%%

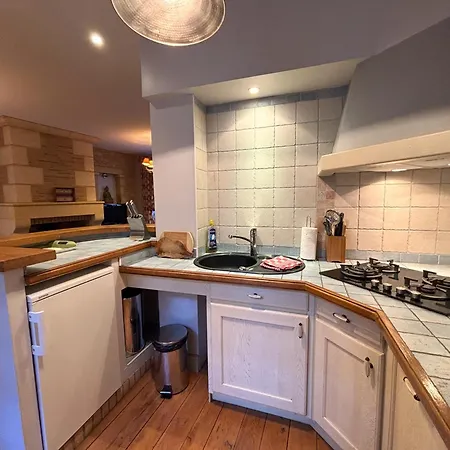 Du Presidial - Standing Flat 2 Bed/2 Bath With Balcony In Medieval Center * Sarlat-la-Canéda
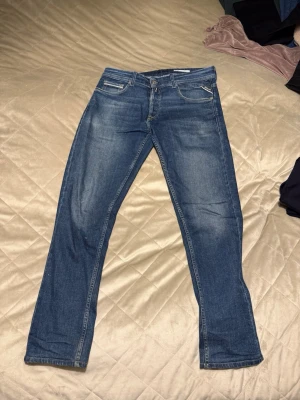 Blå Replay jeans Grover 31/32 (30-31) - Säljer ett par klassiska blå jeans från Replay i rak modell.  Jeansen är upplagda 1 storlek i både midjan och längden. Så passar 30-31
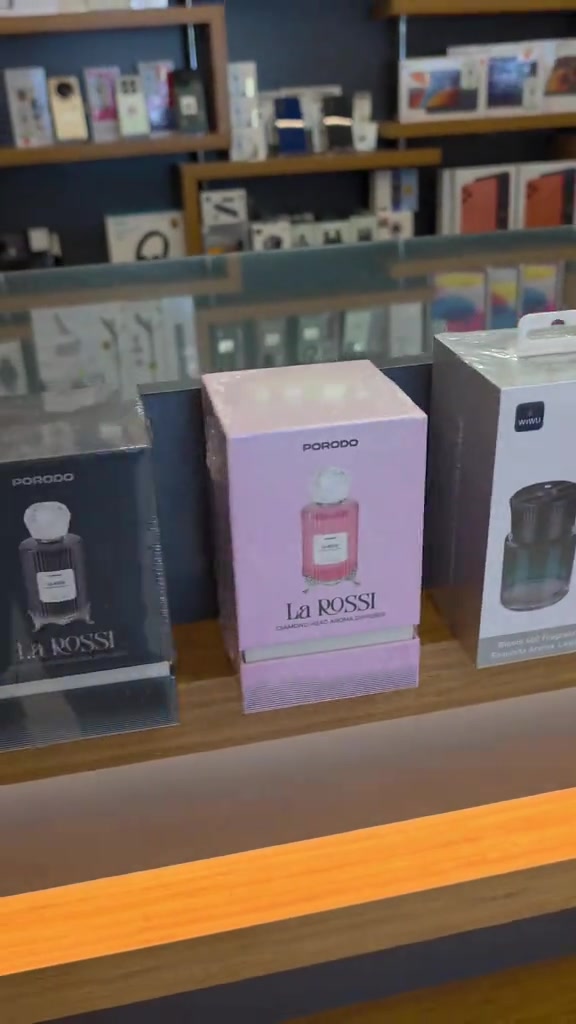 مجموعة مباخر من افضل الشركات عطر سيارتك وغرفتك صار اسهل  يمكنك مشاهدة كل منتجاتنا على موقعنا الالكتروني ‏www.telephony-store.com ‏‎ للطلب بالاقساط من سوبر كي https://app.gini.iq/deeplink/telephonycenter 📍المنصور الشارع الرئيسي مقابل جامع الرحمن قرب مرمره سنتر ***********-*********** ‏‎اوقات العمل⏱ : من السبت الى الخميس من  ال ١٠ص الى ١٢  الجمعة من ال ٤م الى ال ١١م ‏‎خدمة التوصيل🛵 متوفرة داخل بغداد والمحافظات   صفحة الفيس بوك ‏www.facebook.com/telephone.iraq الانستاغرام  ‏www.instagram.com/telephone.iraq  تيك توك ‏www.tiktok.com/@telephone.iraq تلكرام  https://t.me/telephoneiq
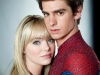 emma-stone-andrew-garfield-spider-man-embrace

%%
%%

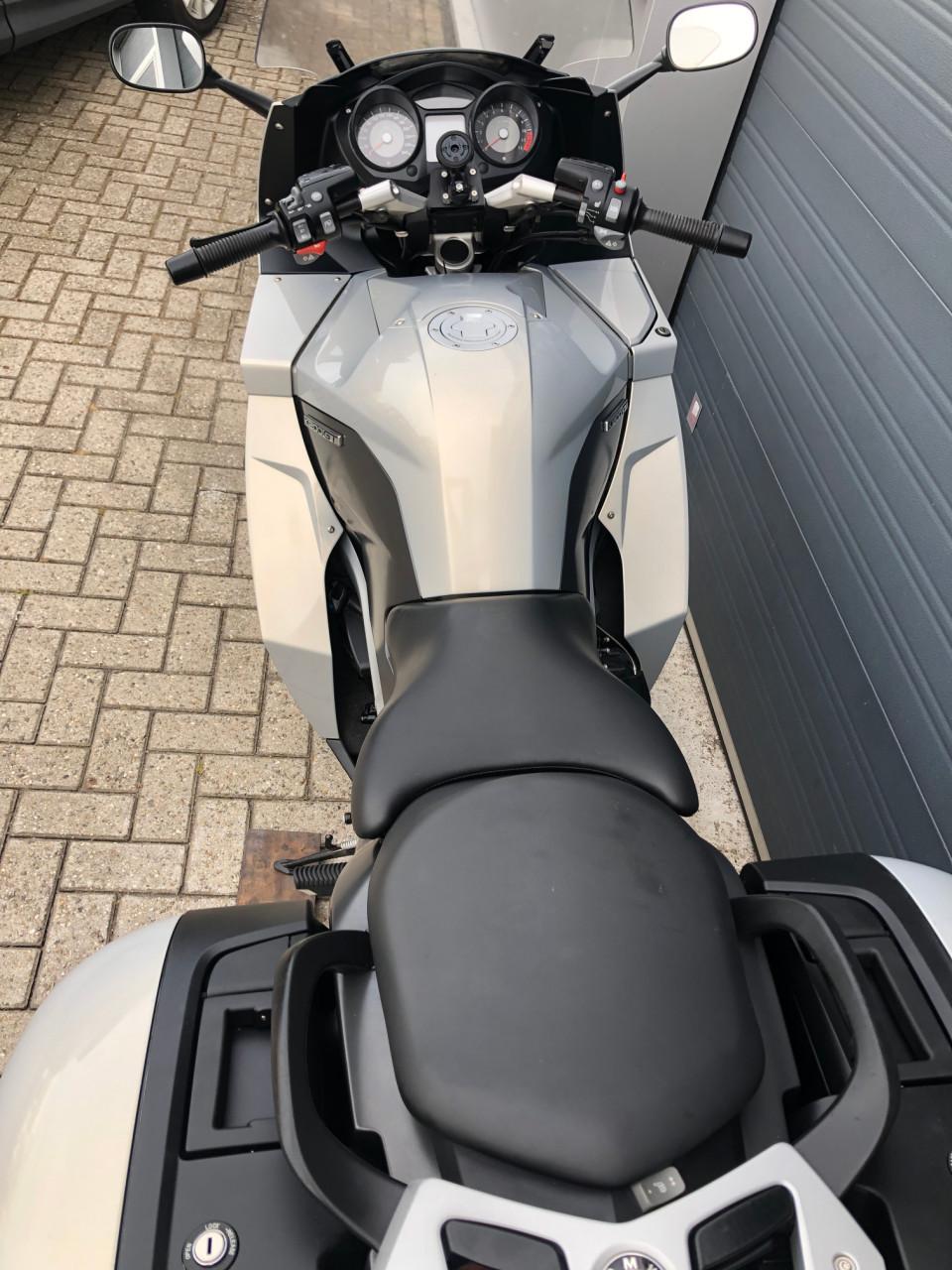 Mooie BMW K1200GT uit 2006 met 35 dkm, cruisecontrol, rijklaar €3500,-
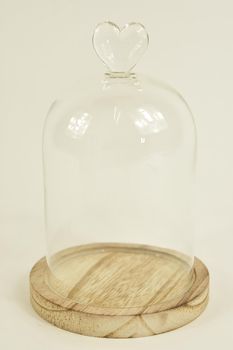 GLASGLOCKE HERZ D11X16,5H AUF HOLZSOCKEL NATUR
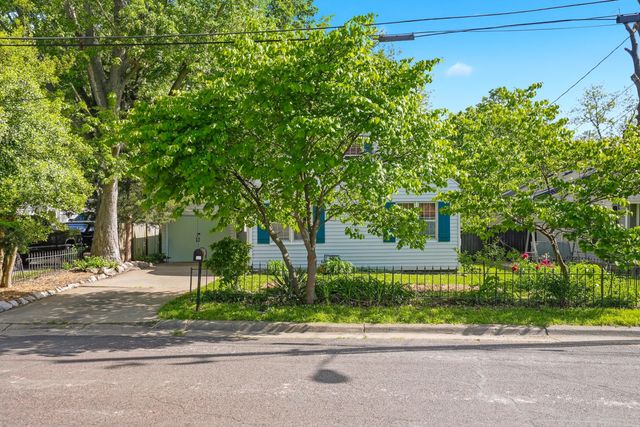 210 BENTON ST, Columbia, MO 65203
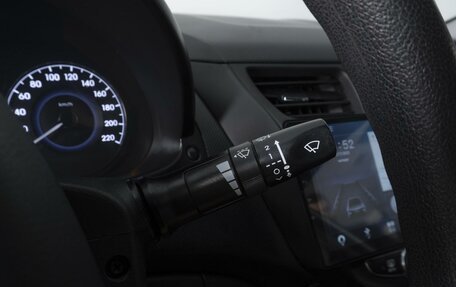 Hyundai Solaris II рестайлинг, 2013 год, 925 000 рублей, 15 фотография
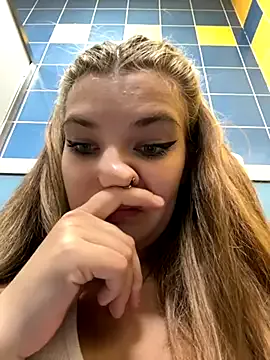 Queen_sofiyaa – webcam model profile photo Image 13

%%

Your objective »
Return, exactly as they stand, the lines above from the one with "210 BENTON ST, Columbia, MO 65203" to the one with "Queen_sofiyaa – webcam", omitting any pictures among them.

Answer for the task »
 210 BENTON ST, Columbia, MO 65203
 Hyundai Solaris II рестайлинг, 2013 год, 925 000 рублей, 15 фотография
 Queen_sofiyaa – webcam model profile photo Image 13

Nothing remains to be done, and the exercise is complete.